▶ Exercise aim:
Without the pictures, print each of the records below exactly as it appears.

===

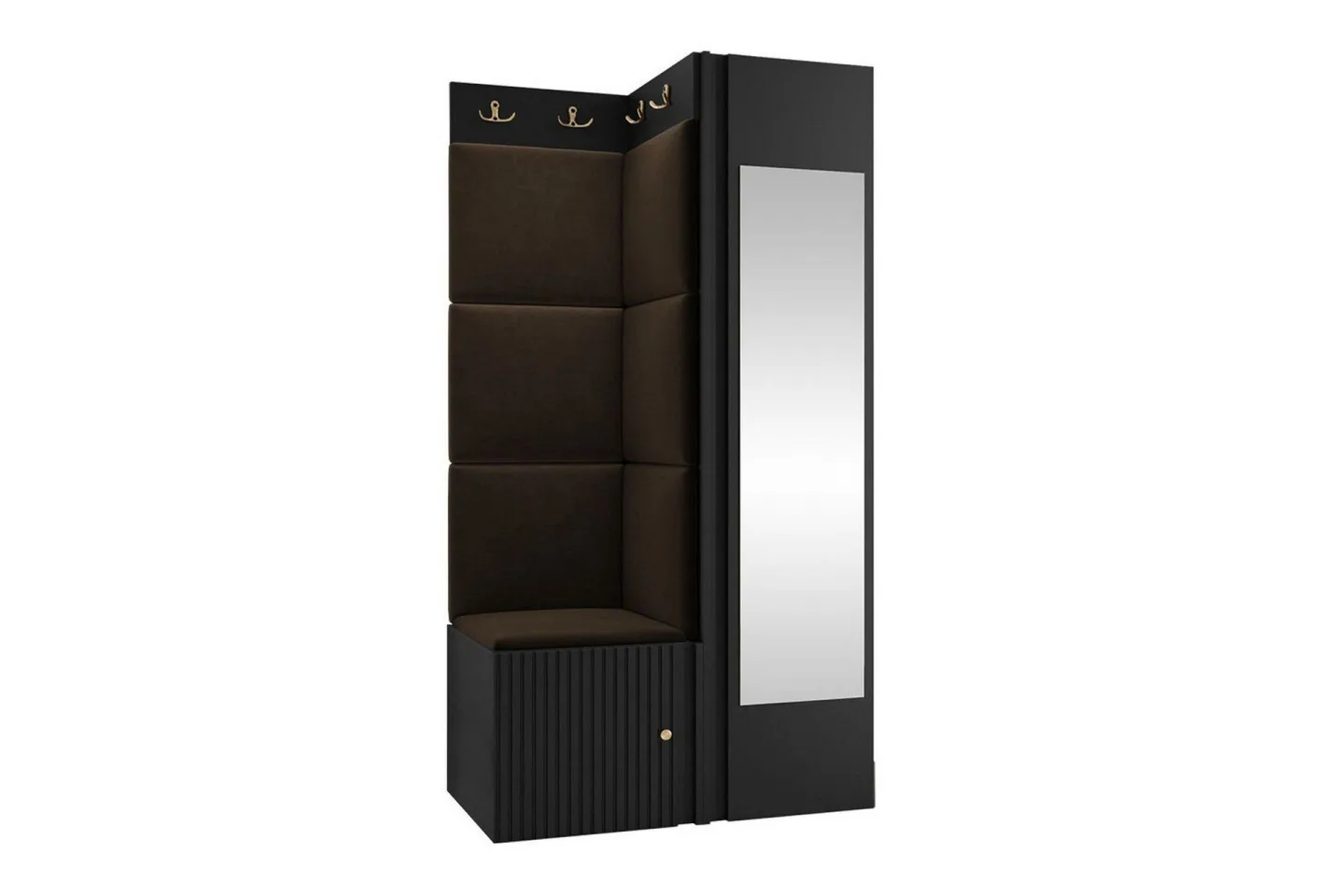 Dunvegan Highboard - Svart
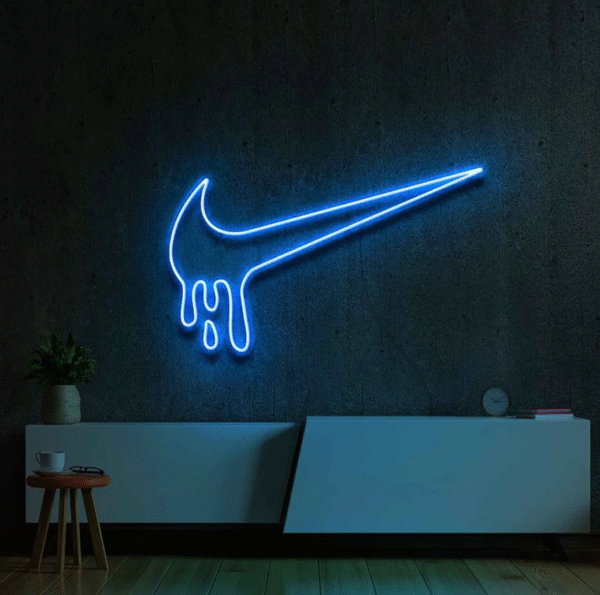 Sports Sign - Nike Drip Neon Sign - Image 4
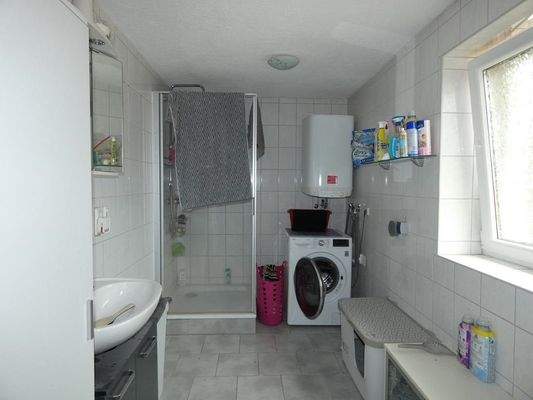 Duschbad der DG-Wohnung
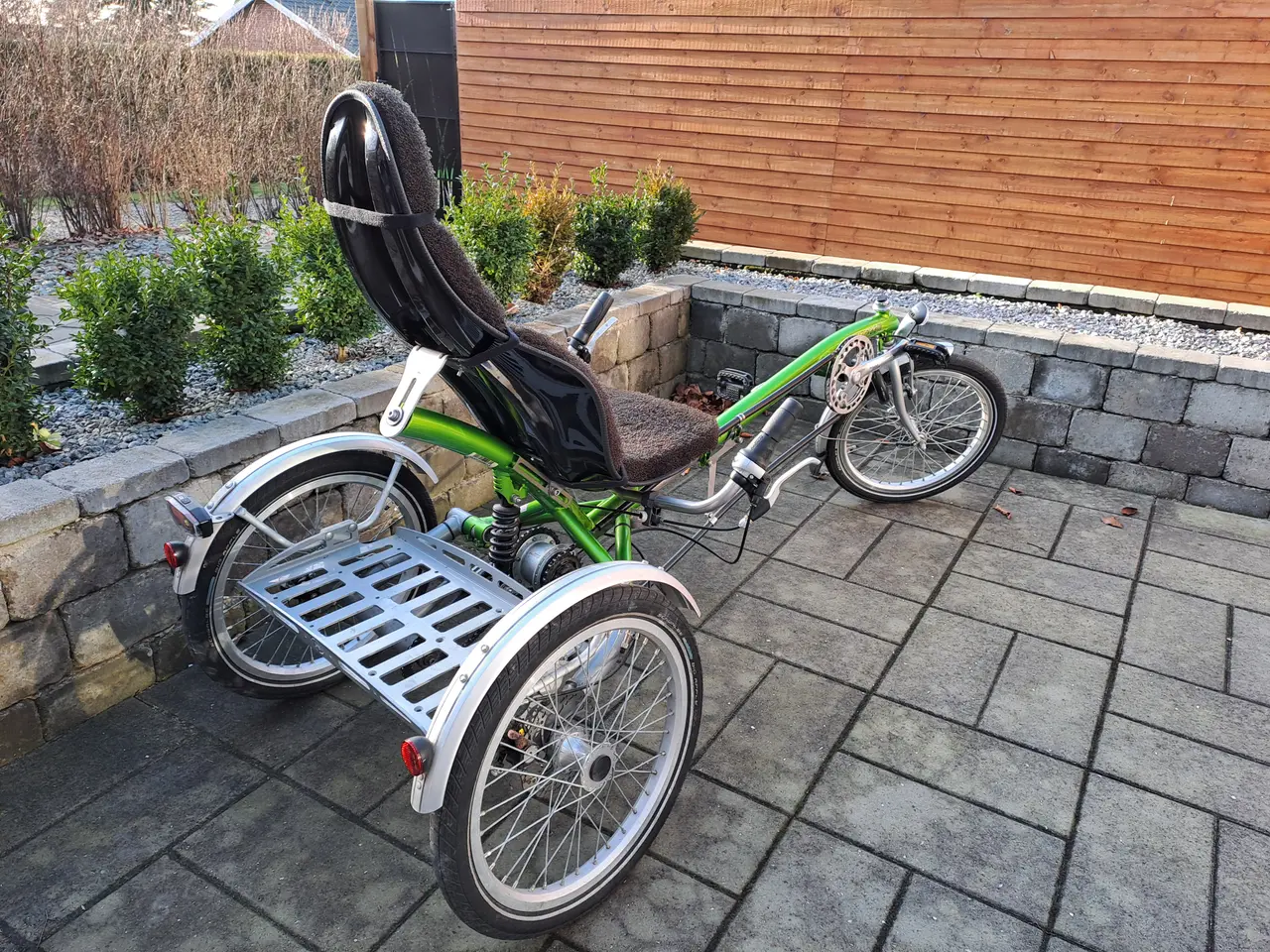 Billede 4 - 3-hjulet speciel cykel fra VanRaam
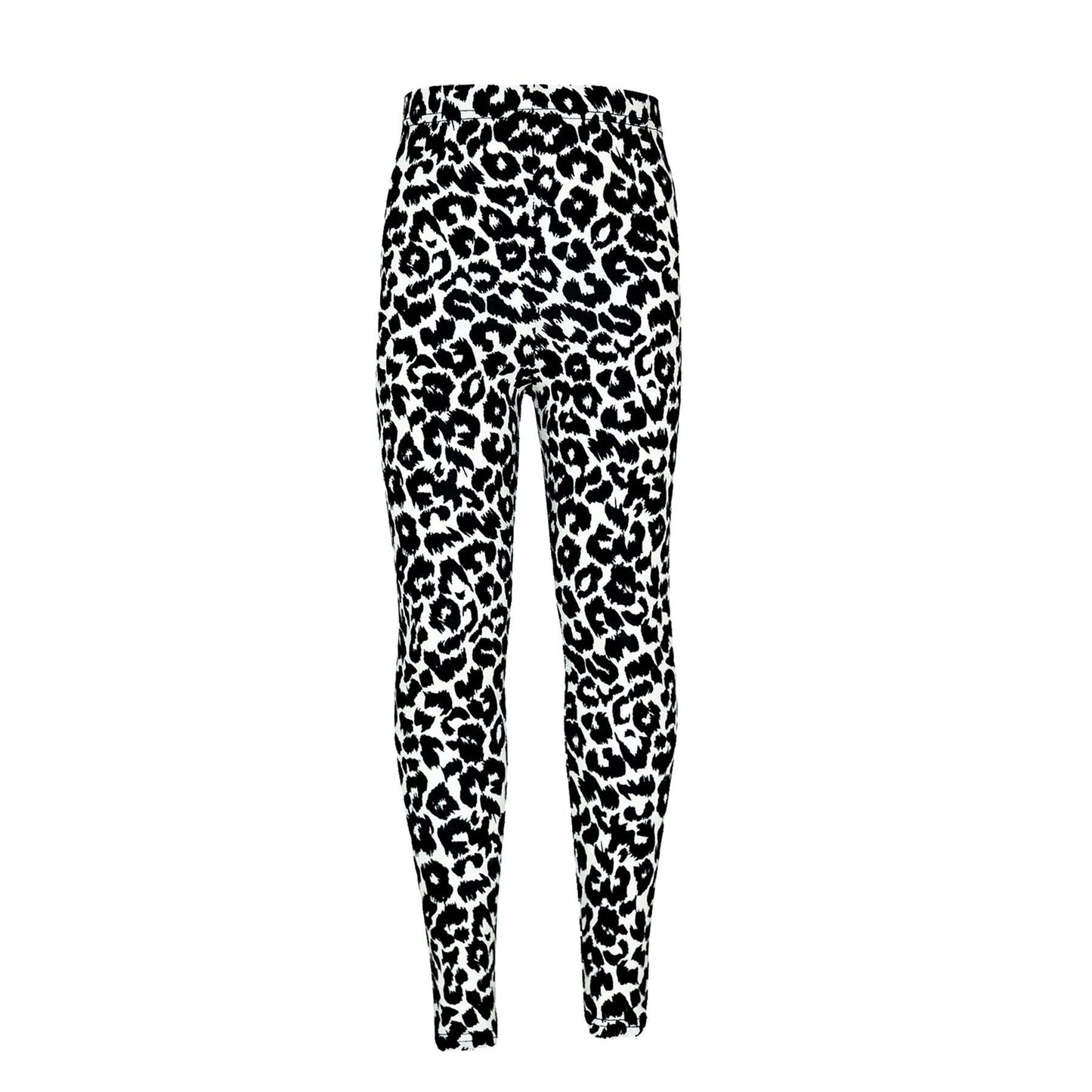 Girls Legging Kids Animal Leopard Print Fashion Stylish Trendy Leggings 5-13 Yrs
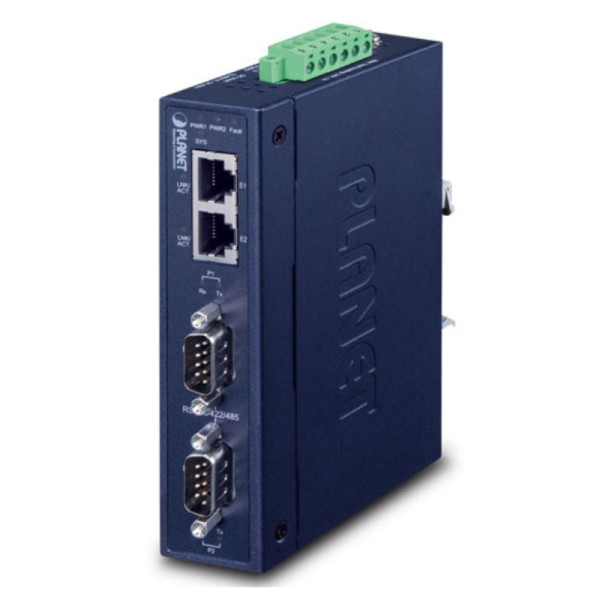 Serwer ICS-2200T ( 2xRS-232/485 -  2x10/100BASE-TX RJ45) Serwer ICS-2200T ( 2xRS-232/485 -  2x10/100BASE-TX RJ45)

===

▶ Task answer:
 Dunvegan Highboard - Svart
 Sports Sign - Nike Drip Neon Sign - Image 4
 Duschbad der DG-Wohnung
 Billede 4 - 3-hjulet speciel cykel fra VanRaam
 Girls Legging Kids Animal Leopard Print Fashion Stylish Trendy Leggings 5-13 Yrs
 Serwer ICS-2200T ( 2xRS-232/485 -  2x10/100BASE-TX RJ45) Serwer ICS-2200T ( 2xRS-232/485 -  2x10/100BASE-TX RJ45)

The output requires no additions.